By Ingeborg de Koning
Petro-states exhibit many characteristics inherent to neopatrimonialism, a term developed by Kohli; as mentioned in Pierson, the discovery of oil resources allows personalistic leaders to establish rent-seeking opportunities and patrimonial structures. The Sultanate of Oman too, is a petro-state; yet it does not quite fit the neopatrimonial picture. While it is patrimonial in the sense that the Sultan, Sultan Al-Qaboos bin Said, secures the loyalty of the general population through the use of state resources, Oman’s public resources are not “[treated] as personal patrimony,” along Kohli’s description.
Indeed, here Oman would fit more into the type of the cohesive-capitalist state, as a distinction is made between the realms of public and private resources. As Al-Yousef states, Oman’s approach centres on the idea “that there was no alternative to a substantial intervention by the state in order to achieve a satisfactory rate of resource mobilisation for economic development.” Throughout a series of Five Year Plans from 1976 onwards, under a repressive, authoritarian government headed by the Sultan, Oman employed an intense development policy to achieve rapid socio-economic development.

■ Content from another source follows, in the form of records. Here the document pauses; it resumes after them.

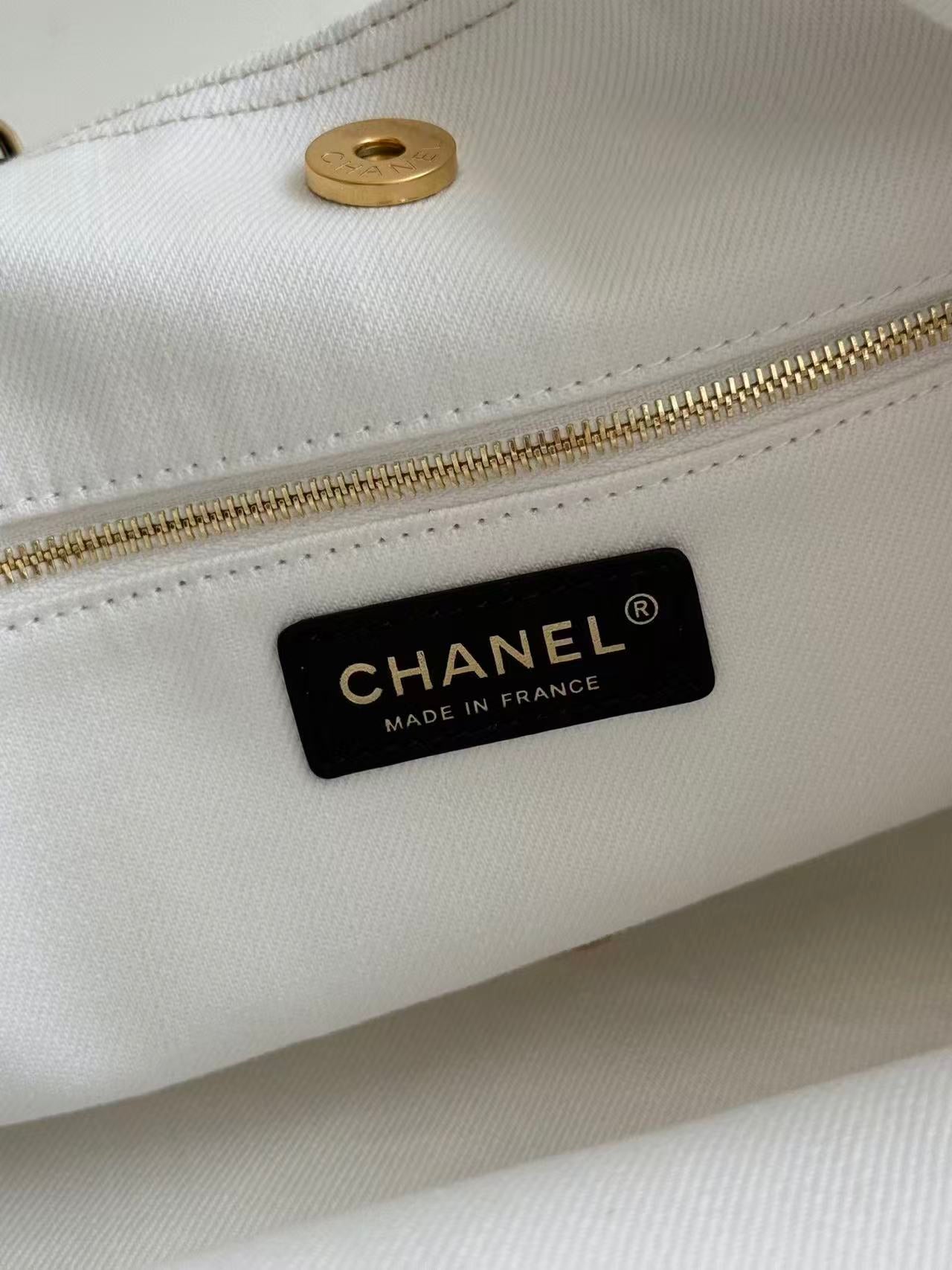 Chanel 2026 Bag 43cm White Black Denim Leather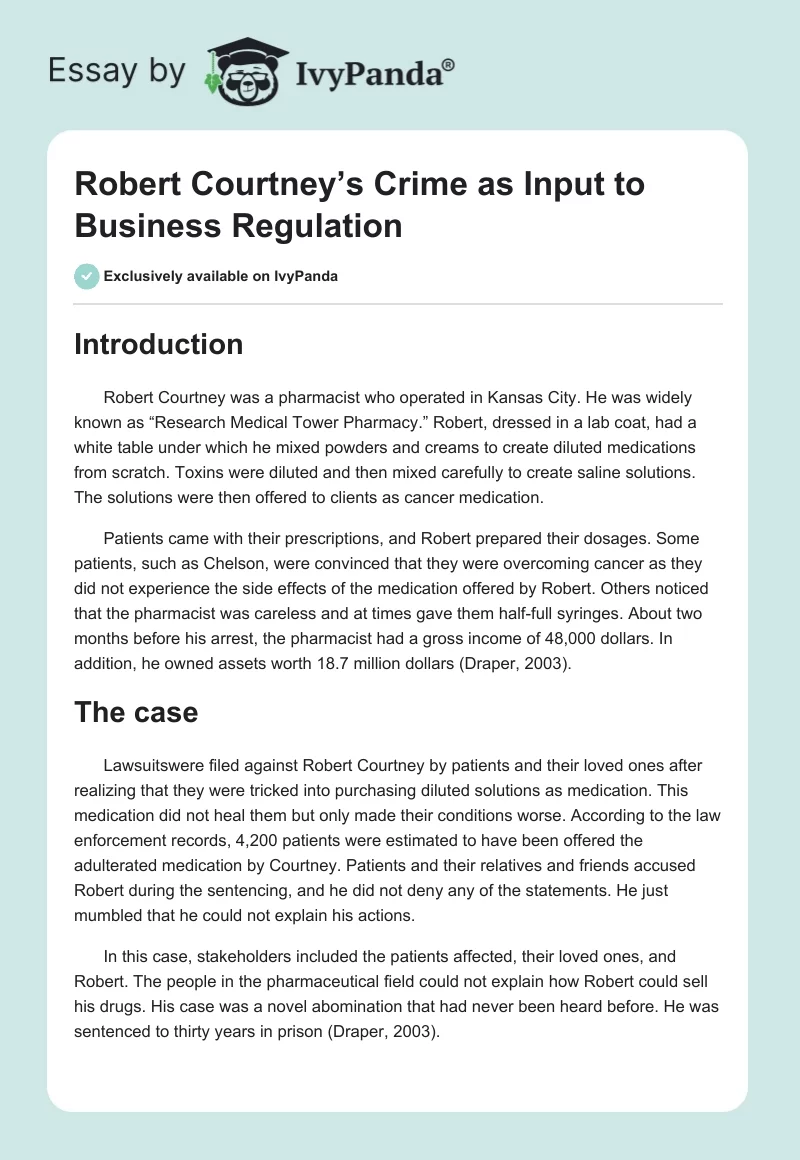 Robert Courtney’s Crime as Input to Business Regulation. Page 1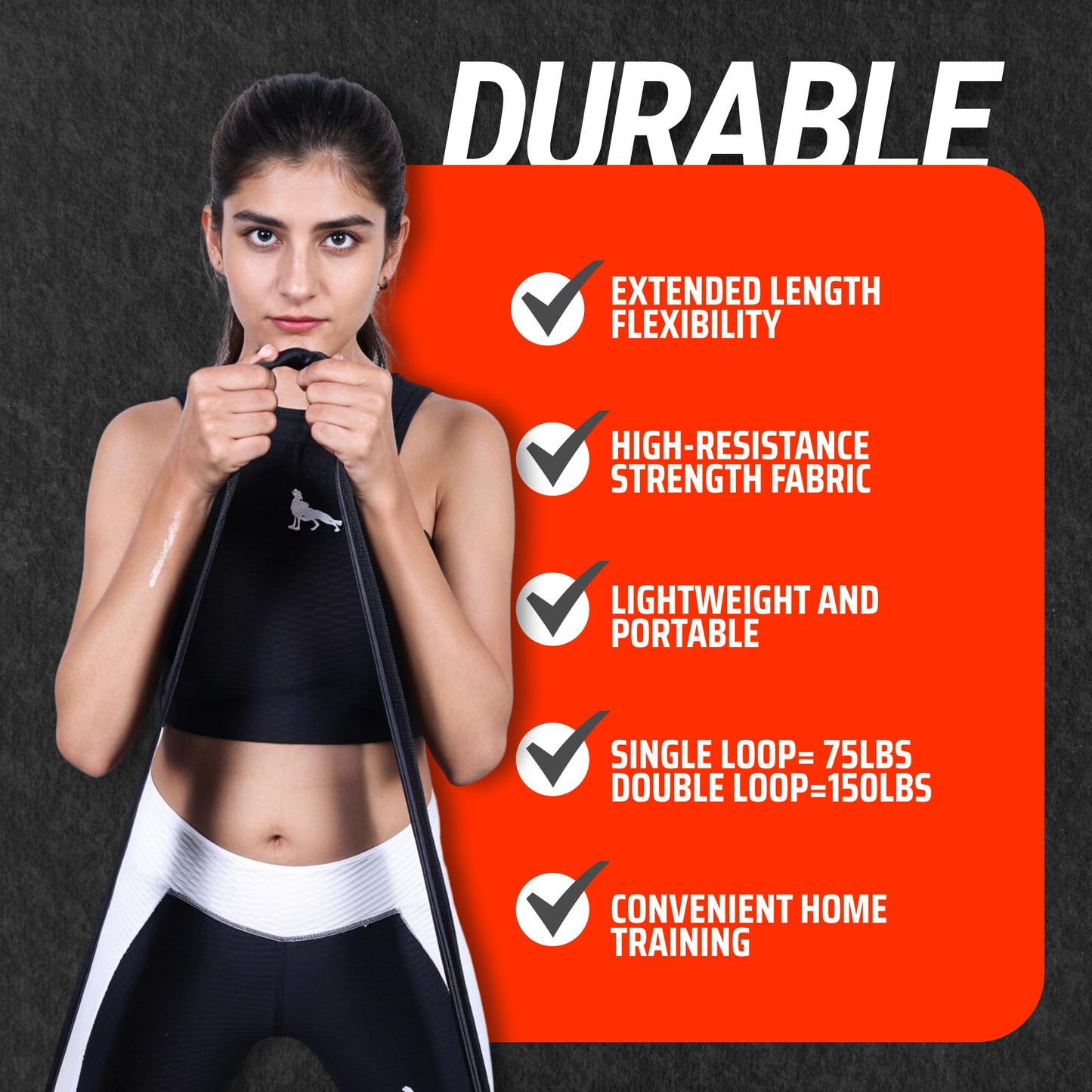 Fabric Resistance Bands for Women and Men - Non-Slip, Durable Exercise Bands for Stretching, Yoga, and Home Fitness (Black 76" Long Belt)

Yet, Oman too differs from a cohesive-capitalist state; while the governance is indeed a “centralized and purposive authority structure” and economic growth is the no. 1 priority, this is not achieved through the tight control of labour, but rather, through the effective employment of its public resources, the oil, to stimulate the economy and develop a strong market. The ‘rewards’ of this approach constitute the Sultan’s patrimony: for his position is justified through socio-economic and human development. Recognizing that both categories are ideal types, it remains interesting how Oman does not quite fit snugly into either. Perhaps a useful addition would thus be the category of “beneficial dictator,” as Al-Qaboos has often been called, to explain Oman’s state authority and – intervention dynamics.